И тут случилось непостижимое: он снял халат, снова надел куртку и собрался уходить. Он совсем забыл про меня за этот час предельной сосредоточенности. Он не помнил, что сам же привел в мастерскую некоего молодого человека, который стоял за его спиной, потрясенный, с комом в горле, неподвижный, как его статуи.
Он подошел к двери. Собираясь ее закрыть, вдруг увидел меня и вперился чуть ли не зло: что это за молодой незнакомец проник в его мастерскую? Но уже в следующее мгновение он все вспомнил и подошел ко мне почти сконфуженный. «Извините, месье», – начал было он. Но я не дал ему продолжать. Я только благодарно пожал ему руку – охотнее всего я поцеловал бы ее. В этот час мне открылась вечная тайна всякого великого искусства и, пожалуй, всякого земного свершения: концентрация, сосредоточенность всех сил, всех чувств, самоотрешенность художника и его отрешенность от мира. Я получил урок на всю жизнь.
Я намеревался отправиться из Парижа в Лондон в конце мая. Но пришлось ускорить отъезд на две недели, так как по непредвиденным обстоятельствам в моей чудесной квартире стало неспокойно. Произошел курьезный эпизод, который меня весьма позабавил и вместе с тем дал поучительную возможность познакомиться с образом мыслей самых разных слоев французского общества.
На Троицу я на два дня отлучился из Парижа, чтобы полюбоваться великолепным Шартрским собором, которого я еще не видел. Когда во вторник утром, возвратившись в свой гостиничный номер, я захотел переодеться, моего чемодана, который все эти три месяца преспокойно стоял в углу, не оказалось на месте. Я спустился вниз к хозяину отельчика – невысокому, тучному, румяному марсельцу, который днем по очереди со своей женой восседал на месте портье и с которым я часто перекидывался веселой шуткой, а то и сражался в его любимый триктрак в кафе напротив. Он сразу ужасно разволновался и, стукнув кулаком по столу, злобно прорычал таинственные слова: «Так вот оно что!»
В спешке натягивая пиджак – он, как всегда, был в рубашке с закатанными рукавами, – он растолковывал мне положение дел, и, чтобы сделать понятным дальнейшее, надо, вероятно, сперва напомнить об одной особенности парижских домов и гостиниц.
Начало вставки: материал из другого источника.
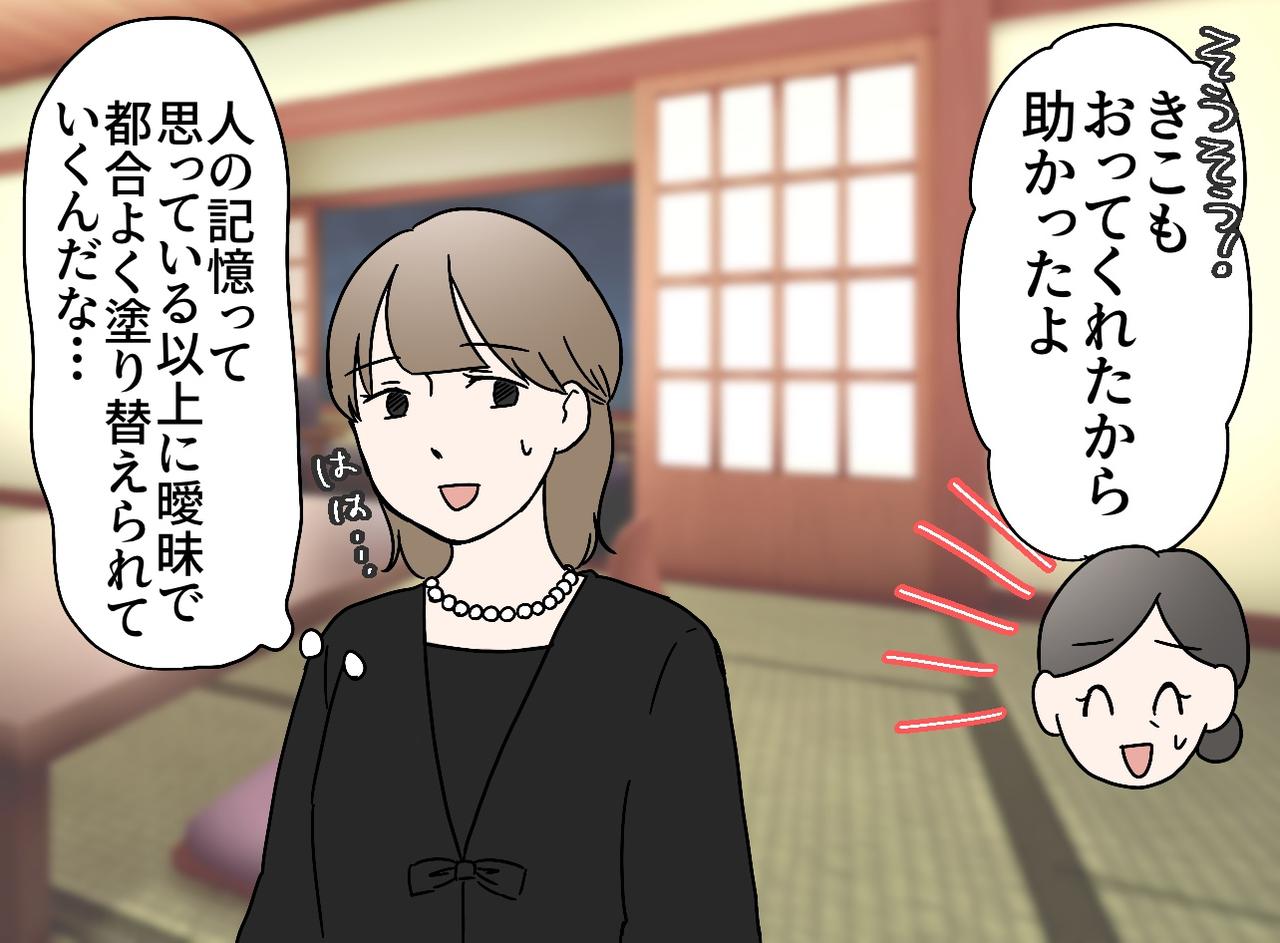 画像4: 【4コマ漫画】私、いなかったことになってる？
В маленьких парижских гостиницах, как и в большинстве частных домов, ключей не водится: консьерж, то есть привратник, как только позвонят с улицы, отпирает дверь с помощью автоматики, сидя в привратницкой. В небольших гостиницах и домах хозяин (или консьерж) не остается на всю ночь в привратницкой, а дверь отпирает нажатием кнопки прямо из супружеской кровати – как правило, в полудреме; тот, кто уходит из дому, должен крикнуть: «Отоприте, пожалуйста!» – равно и каждый, кто приходит, обязан назваться, так что теоретически никто из чужих пробраться в дом не может.
Так вот, в два часа ночи кто-то позвонил у входа гостиницы, назвался именем, похожим на имя одного из постояльцев, и снял с доски единственный висевший там ключ. Вообще-то, церберу надлежало установить через дверное стекло личность позднего посетителя, но, очевидно, хозяина слишком клонило в сон. Однако через час, когда кто-то снова, теперь уже изнутри, крикнул: «Отоприте, пожалуйста!», желая покинуть дом, то хозяину, уже открывшему дверь, показалось странным, что человек выходит на улицу в третьем часу ночи. Он поднялся, обнаружил, выглянув в переулок, что человек ушел с чемоданом, и как был, в пижаме и шлепанцах, последовал за подозрительным типом. Но как только он увидел, что тот вошел в маленькую гостиницу на рю де Пти-Шамп, расположенную за углом, то подозрение в грабеже, естественно, отпало и он спокойно улегся снова в постель.